Hay libros con los que se da un curioso fenómeno: te han gustado, a pesar de sus irregularidades, pero te das cuenta de que han llegado a ti a través de una vía directa, que ni tú mismo sabías que existía. La historia que cuentan o los temas que tocan coinciden con temas que te interesan o te emocionan, y te das cuenta de que tal vez el libro no guste a los que te rodean, ni siquiera a quienes tienen los mismos -o parecidos- gustos que tú.
Si llego a escribir mis impresiones sobre “Las correcciones” de Jonathan Franzen a medida que avanzaba el libro (como suelo hacer a veces por aquí), sin esperar a acabarlo, hubiera dicho que es un libro bastante bien escrito (pero mal traducido) y un tanto irregular. Que tiene su interés y su mérito mantener la atención sobre una crónica familiar (padres y tres hermanos) durante 720 páginas. Que me gustan muchas cosas en él, pero que me sobran también unas cuantas.
Como por ejemplo:
…la excesiva caricaturización de la aventura lituana de Chip. Si pretendía meter en el libro unas gotas de diversión y vodevil pues no lo había conseguido del todo el autor (porque me despertó a lo sumo un par de sonrisas), y creo que hubiera abordado mejor el tema situando la historia/huida de Chip desde un punto de vista menos pseudograciosete.
…la incursión en la pseudociencia ficción con lo del Corecktall, que no aporta gran cosa (al menos para mí).
…Y alguna cosita más, pero no sigo, porque quiero destacar lo que sí que me gustó. |
El caso es que, como digo, esperé a acabarlo, y ayer me leí las últimas 130 páginas que me quedaban. Y esas 130 páginas fueron como dinamita colocada en los pilares maestros de mi mente. Resoplé, leí dos veces algunos párrafos, establecí paralelismos mentales, cambié de postura. Lloré como un condenado a muerte, y me revolví en la cama en todas y cada una de esas páginas.

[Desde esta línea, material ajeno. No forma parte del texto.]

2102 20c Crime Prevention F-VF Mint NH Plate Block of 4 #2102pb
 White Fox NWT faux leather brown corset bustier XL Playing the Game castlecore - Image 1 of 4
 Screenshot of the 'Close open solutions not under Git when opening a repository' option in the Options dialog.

A pesar de que mi familia es muy diferente a la familia protagonista, a pesar de que no me vi identificado directamente con ninguno de los tres hijos, un retazo aquí, una reflexión allá bastaron para generarme una inquietud de nivel superior. Cerré el libro a las 23:30 y no fui capaz de dormirme hasta las 3 de la mañana.
Y luego soñé que moría, soñé con mi padre, hablé con mi madre y mi hermana, y di mil vueltas en la cama, con la mente arrasada por napalm en forma de novela.
No busca dar recetas, no tiene moralinas baratas, deja preguntas en el aire, partes de la historia sin resolver y no tiene un final al uso, de esos que cierran, pulen y abrillantan una historia ya construida. Y eso se agradece.
Probablemente, si alguno de vosotros la leyera, dirá “Pues no es para tanto, ni una lagrimita he echado”. Pues eso. Resonancias emocionales, filias y fobias.
El libro no es redondo, e incluso en determinados momentos me pareció que flojeaba un poco, pero -además de esas cien páginas finales bestiales- atesora momentos brillantes y me encanta como escribe los diálogos Franzen, frescos, creíbles, divertidos.